- [DATA BLOCK]
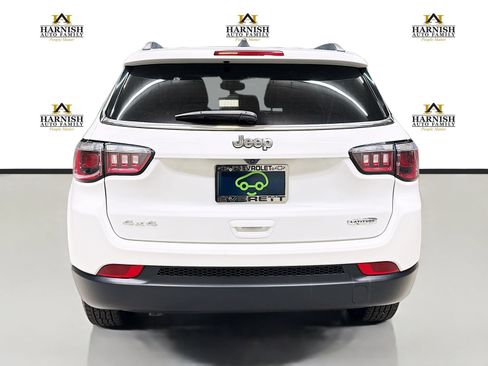 Used 2024 Jeep Compass Latitude AWD/4WD image 6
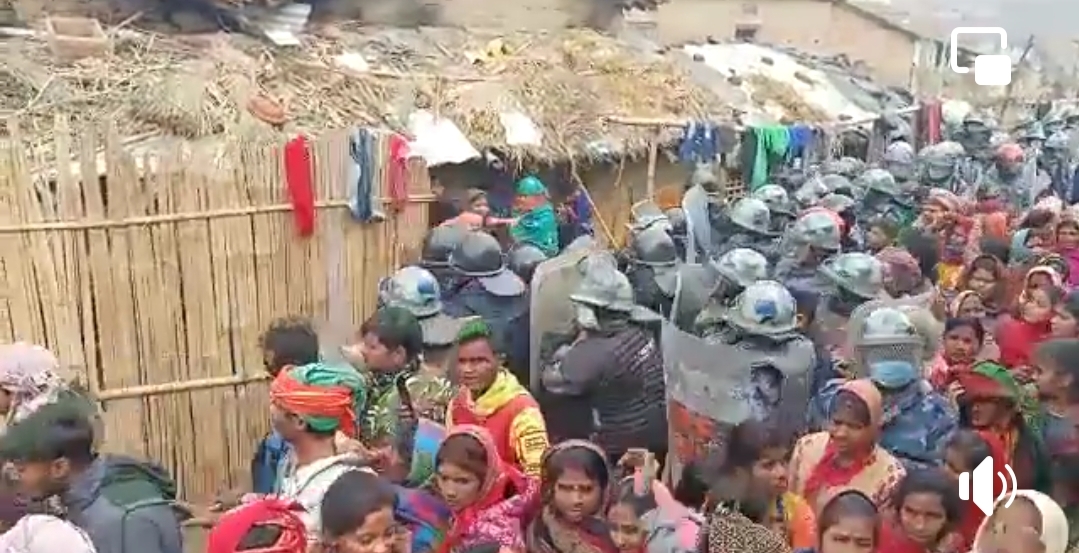 सरस्वतीको मूर्ति सेलाउन जाने क्रममा झडप, २ प्रहरी घाइते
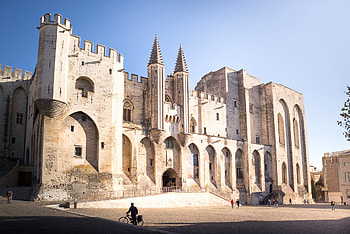 1 day in Avignon, Top 10 things, Bonadvisor recommendations, Avignon sightseeing HD wallpaper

- [GOAL OF THE EXERCISE] Only the pictures are to be left out; write out all the other data exactly.

- [ANSWER SPACE]
 Used 2024 Jeep Compass Latitude AWD/4WD image 6
 सरस्वतीको मूर्ति सेलाउन जाने क्रममा झडप, २ प्रहरी घाइते
 1 day in Avignon, Top 10 things, Bonadvisor recommendations, Avignon sightseeing HD wallpaper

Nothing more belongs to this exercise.